I think that NSubstitute is an absolutely amazing library! I’ve used a few different mocking libraries and NSubstitute is hands down the best one. Not only is the syntax beautiful and terse, but it’s the simplest mocking library you could ever use. Don’t know the difference between a mock and a stub? WHO CARES! It’s not something you should need to know. I couldn’t explain it better than the NSubstitute homepage:
Mock, stub, fake, spy, test double? Strict or loose? Nah, just substitute for the type you need!
NSubstitute is designed for Arrange-Act-Assert (AAA) testing, so you just need to arrange how it should work, then assert it received the calls you expected once you’re done. Because you’ve got more important code to write than whether you need a mock or a stub.
99 times out of 100 you will have nothing but pleasure with NSubstitute, but like all things it’s not perfect. When I first started using NSubstitute I didn’t realise how it was implemented and just assumed it used some sort of crazy voodoo magic. More recently, I’ve actually contributed to NSubstitute to fix a bug I was experiencing. After doing so, I understand a lot more now how it actually works. It turns out it’s not magic, but it is very clever.
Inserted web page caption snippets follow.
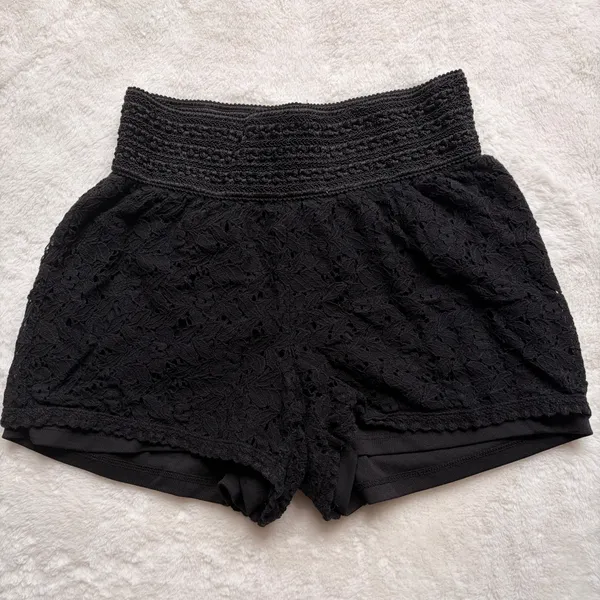 Maurices Women Boho Floral Lace Black Shorts - Smocked Waist Solid Lining - Image 3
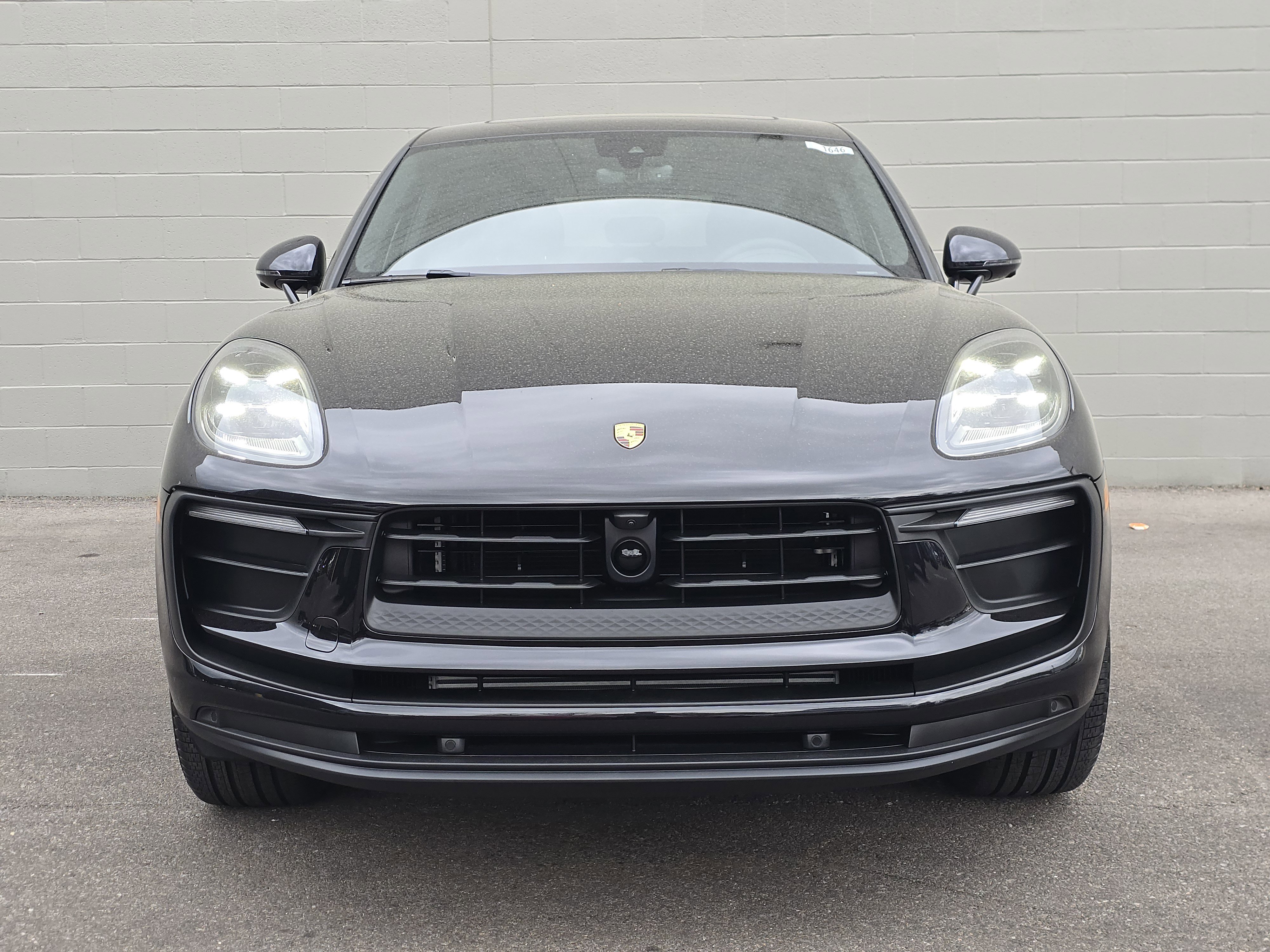 New 2026 Porsche Macan AWD/4WD image 6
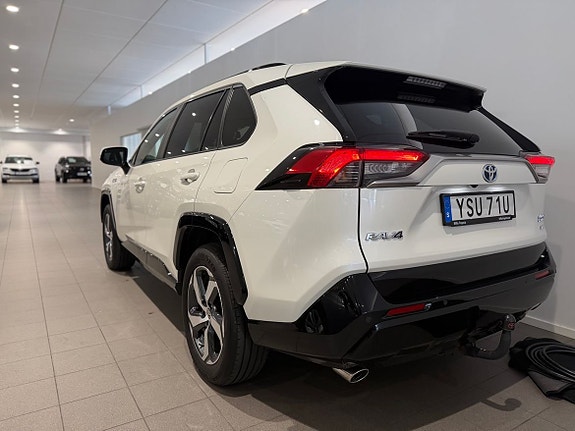 Toyota RAV4 Plug-in Hybrid 4 of 5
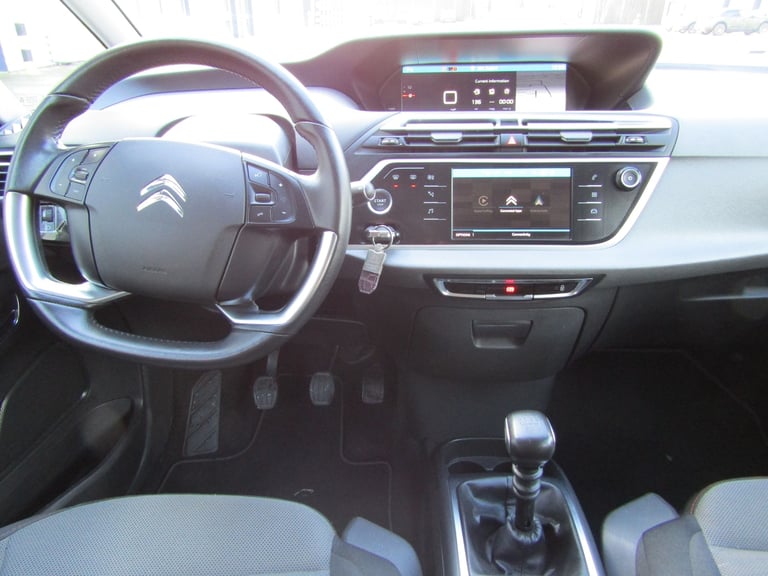 LEFT HAND DRIVE 2021 CITROEN GRAND C4 SPACETOURER  1.2 PURE TECH 7 SEATER 5DR 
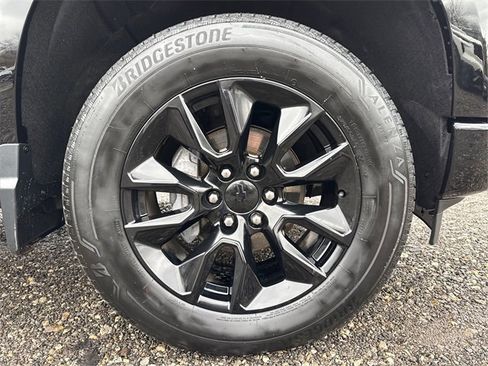 Used 2023 Chevrolet Silverado 1500 Custom image 27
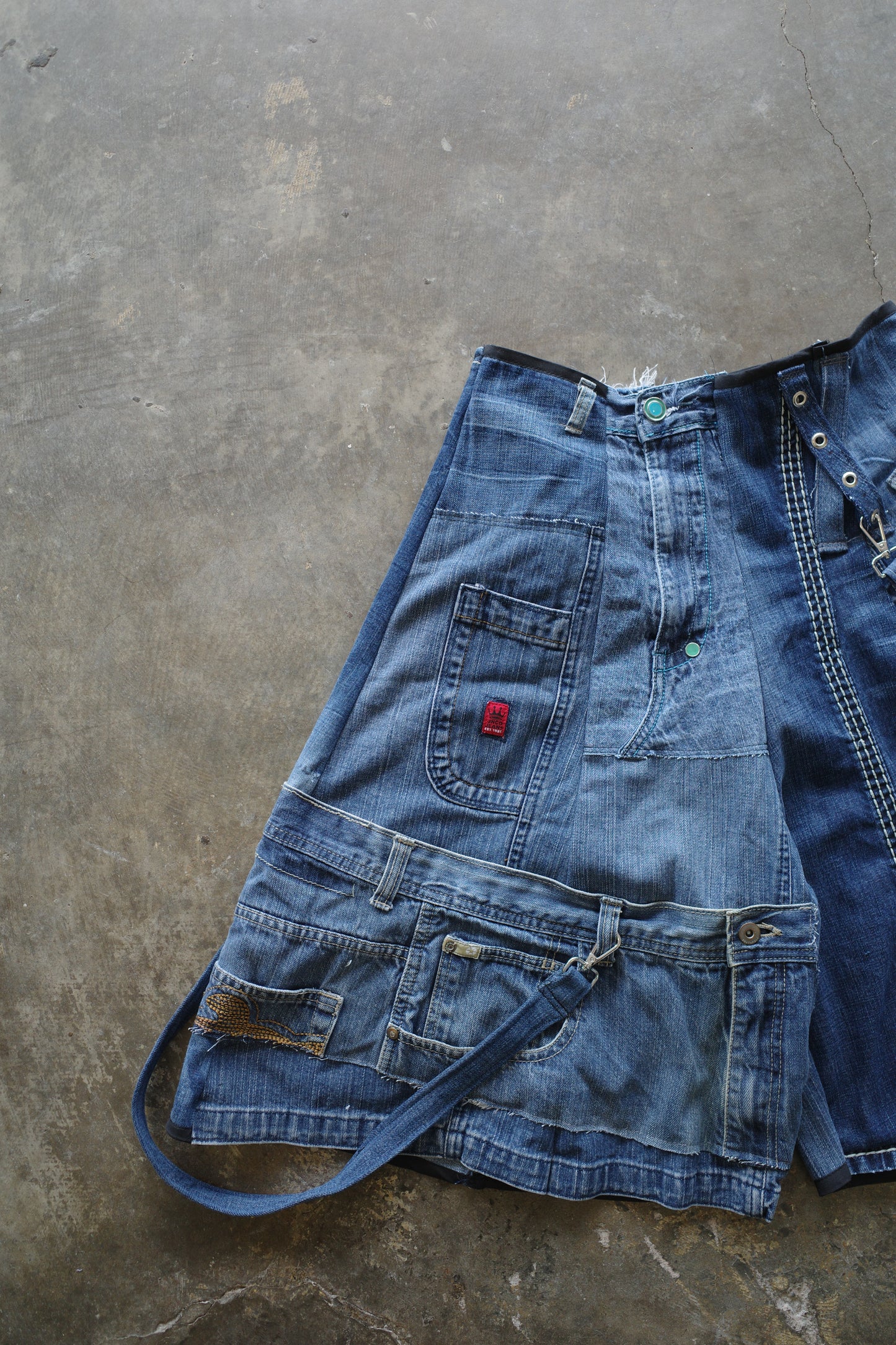 nag nag Baggy Shorts (32)/made from vintage street barnded jean and Y2K miasma jean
One of the things that can trip you up about the way it’s implemented is due to the fact that .Returns and Arg.Any/Is are based on a static stack and thus sometimes if you do things like set up a received check or return value for a non-virtual method or set up a return value using the result of a substituted call then what the code looks like it should do doesn’t actually happen. When this does happen, if you don’t understand the implementation of what’s going on then this can be incredibly difficult to diagnose and you will generally spend a few confused hours.
This recently happened for some of the devs on my team and I wanted to try and explain to them what was happening so I came up with a gist that shows some examples for .Returns of the effect the static stack implementation has. I haven’t done any for Arg.Is/Any at this stage.
If you come across problems with NSubstitute or you need to explain to other people this behaviour feel free to use my gist. It uses NUnit and all of the tests in the gist passed when I ran it (against NSubstitute 1.4.3).